第一話

 つかさは新宿辺りと思われる場所のビルに住んでいる。

 高層ビルが多かったので水没しなかった建物も多く、かなりの人数がこの近辺に住んでいた。昨日までは。


「沈んだ……」


 ごおっというすさまじい音と揺れで目を覚ますと、いくつかのビルが姿を消していた。どうやら大きな波が来て住んでいた人間ごとビルが沈んだようだった。

 恐怖でカタカタと震えると同居人の海翔かいとがぎゅっと抱きしめてくれる。

 海翔は司より五歳ばかり年上で、まだ未成年である司の保護者代わりになってくれている。二人は家族を亡くした者同士、身を寄せ合って暮らしている。


「こんな時間に崩れるなんて……」

「……寝る時間ずらして見張りしたほうがいいかもね」


 今はまだ月明りだけが頼りとなる時間で、人々はぐっすりと眠っていたはずだ。

 起きて屋上にいたのならまだしも、フロアで眠っている最中では逃げる余裕もなかっただろう。


「下の様子見てくるから司は屋上に行ってて」

「駄目だ! 下は危ない!」

「このビルが大丈夫か確認するだけ。あ、上の階だけ確認しといて」

「海翔!」


 海翔は司が止めるのも聞かずに階下へ向かった。

 確かにこのビルには他にも人がいるから安否確認をした方がいいかもしれないが、それを海翔がやる必要は無い。
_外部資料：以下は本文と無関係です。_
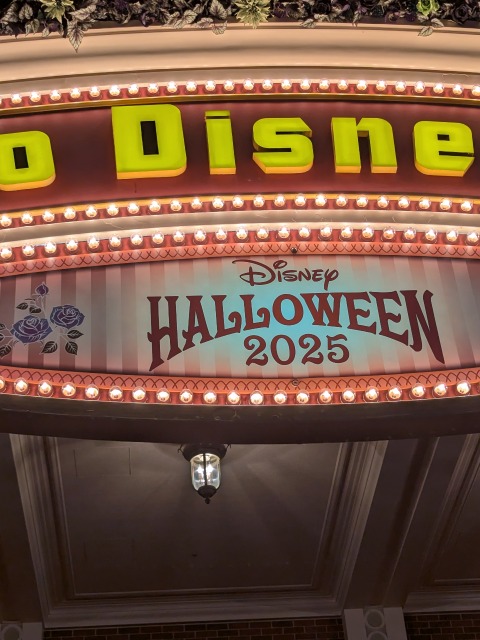 ウェルカムボード（ディズニー・ハロウィーン 2025）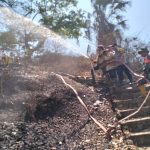 Polisi bersama Tim Gabungan dan Relawan Berhasil padamkan Kebakaran Hutan di Lumajang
 しかしこういう時いつも海翔は自らビルを駆け回り怪我人がいたら手当てをして回る。正義感が強いのは海翔の良いところだが、波が来た直後くらいはじっとしていて欲しいと思わなくもない。

 司は仕方なく言われた通り上の階の確認をした。といっても住人は居ないし、あるのは使っていない倉庫と屋上への階段だけ。ようするに司は安全な場所に非難してろということだ。

 この流れは海翔と過ごすようになってわずか一年の間に数えきれないほどあった。性分なんだろうなと諦め屋上で腰を下ろした。

 することもないのでぼんやり星を数えたりしていたが、気が付けば三十分は経っていた。下まで行ったとしても、行けるのはせいぜい五フロア下までだ。そこから先は水没している。


「……見に行こう」


 海翔が戻って来たら怒るだろう。だがこれ以上じっとしていることもできず、司は屋上から一フロアずつ下っていった。

 部屋を隅々まで見て回るが、どこにも海翔の姿はない。それどころか他の住人の姿も無い。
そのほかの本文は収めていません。